D-Dimer and Clinical Probability testing Can Safely Guide Diagnosis and Location of Deep Venous Thrombosis in Contemporary high-Volume Practice
Albeir Mousa, MD.,FACS., RPVI.,MPH.,MBA1, David De Wit, DO1, Mike Broce, BA2, Michael Yacoub, MD1, Ramez Morkous, MD1, Zachary AbuRahma, DO1, Ali AbuRahma, MD.,FACS., RPVI.,RVT1.
1West Virginia Univeristy, Charleston, WV, USA, 2CAMC Research Institute, Charleston, WV, USA.

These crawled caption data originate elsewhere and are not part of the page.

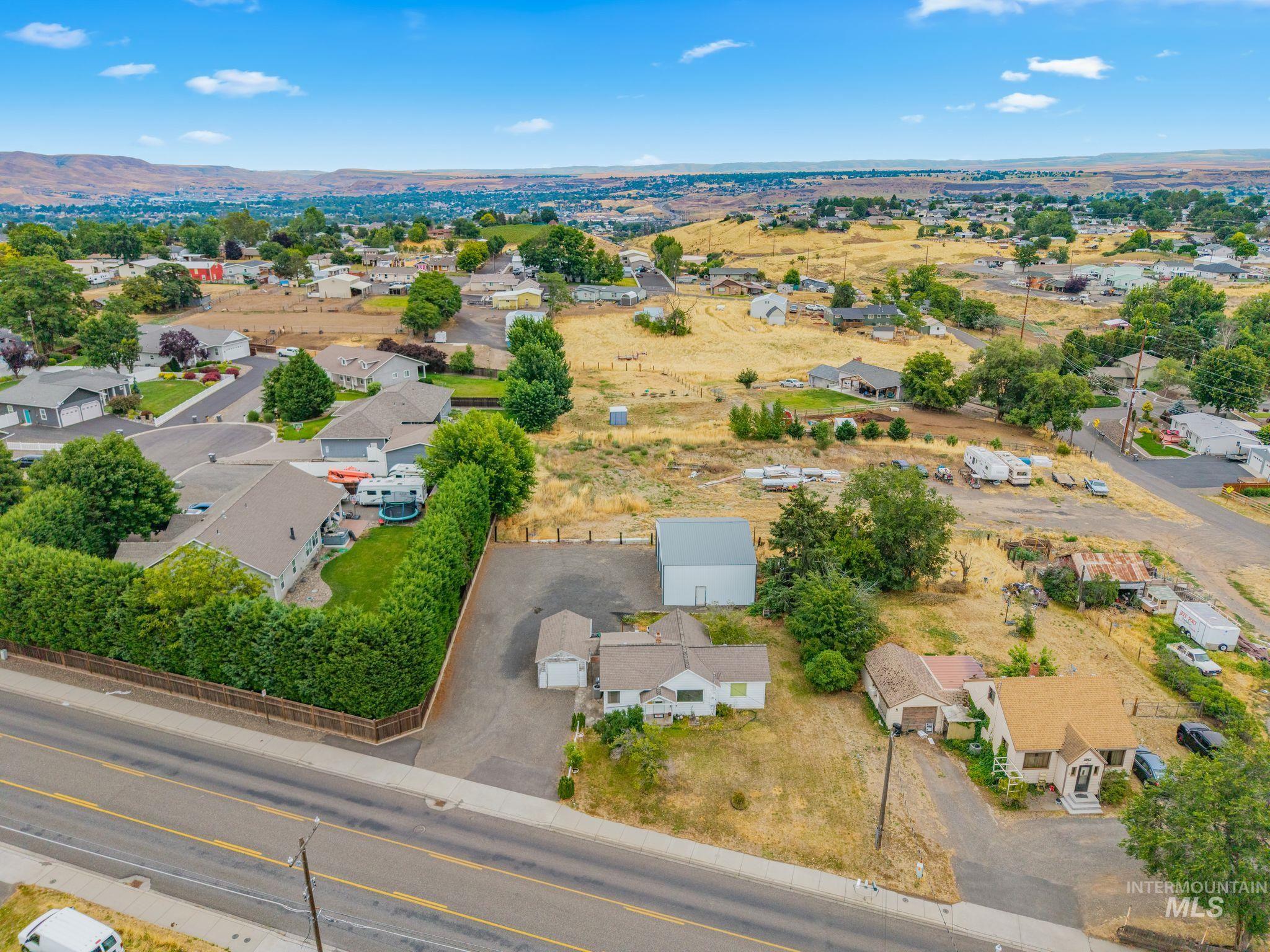 2255 Appleside Blvd, Clarkston, Washington 99403, 2 Bedrooms, 1 Bathroom, Residential For Sale, Price $269,000,MLS 98992407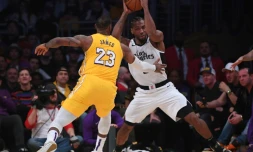 Kawhi Leonard des Los Angeles Clippers (d) à la lutte avec LeBron James des Los Angeles Lakers, en NBA au Staples Center, le 25 décembre 2019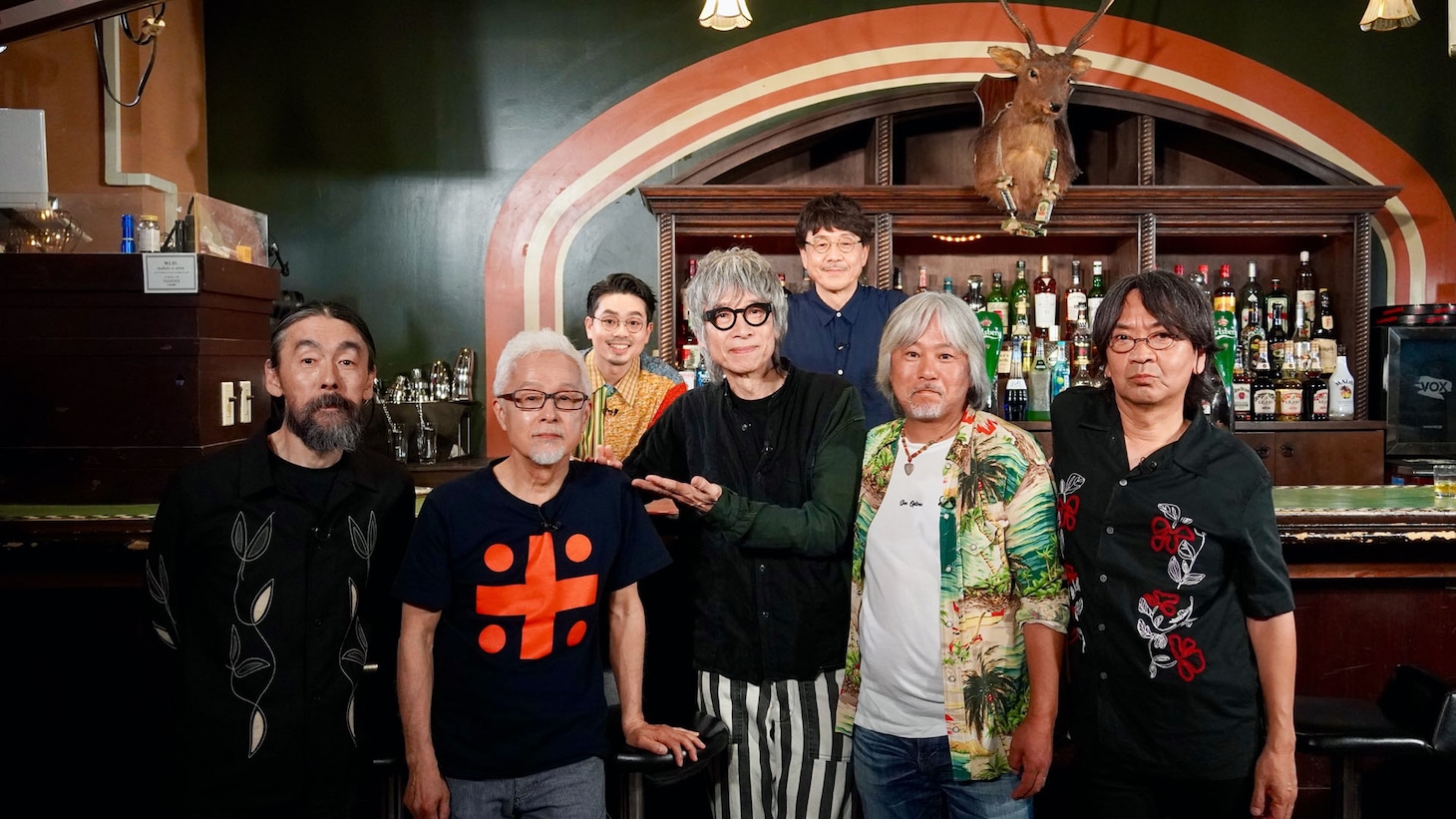 「バーボンストリート」出演者。(c)BSフジ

Objectives: A D-Dimer (DD) level in addition to pretest probability score using Wells criteria (PCP) can safely exclude Deep Venous Thrombosis (DVT). In current study, we sought to examine the correlation between proposed DD and PCP model in approaching diagnosis and to determine the location and severity of a possible DVT in high volume hospitals. Methods Patients who presented with limb swelling +/- pain were retrospectively examined from June 2014 to July 2015. After calculating PCP, patients were divided into low, moderate, and high-risk. Electronic DD results utilizing ELISA, PCP data and Venous Duplex Ultrasound (VDU) analysis data were merged and analyzed based on receiver operator characteristic (ROC) curve to determine DD cutoff point for each PCP (Figure 1). Abnormal DD with average value ≥ 0.6 mg/L was correlated to positive DVT to differentiate proximal (above popliteal v.) from distal (below popliteal v.). Results Data of 1909 patients were analyzed and 239 (12.5%) were excluded secondary to previous history of DVT. Average age 62.1 ± 16.3 years, females (55.7%) and majority presented with limb pain and edema (87%). DD was completed in 202 patients and correlate with all positive and negative DVT patients (100% sensitivity & -ve predictive value). In 26/202 DD were in the normal range 0.1-0.59 mg/L, all of which were negative for DVT (100% sensitive), 51/202 DD of 0.6-1.2 mg/L values only 3 DVTs were recorded, all of them Distal. Also, 668 Patients with PCP <1, -ve DD were sent for VDU. Thus 745 patients had unneeded VDU study, potential charge savings for VDU for all (745 × $1557 = $1,159,965), DD for all (745 × $182 = $135,595) with total potential savings of $1,024,370. Conclusions: This study suggests that D-Dimer is still underutilized and along with PCP can reduce significant number of unneeded VDU. Higher value of DD (> 1.2 mg/L) may raise concern for proximal DVT. Concern on cost-effectiveness exists and raises the demand for proposed algorithm to be followed.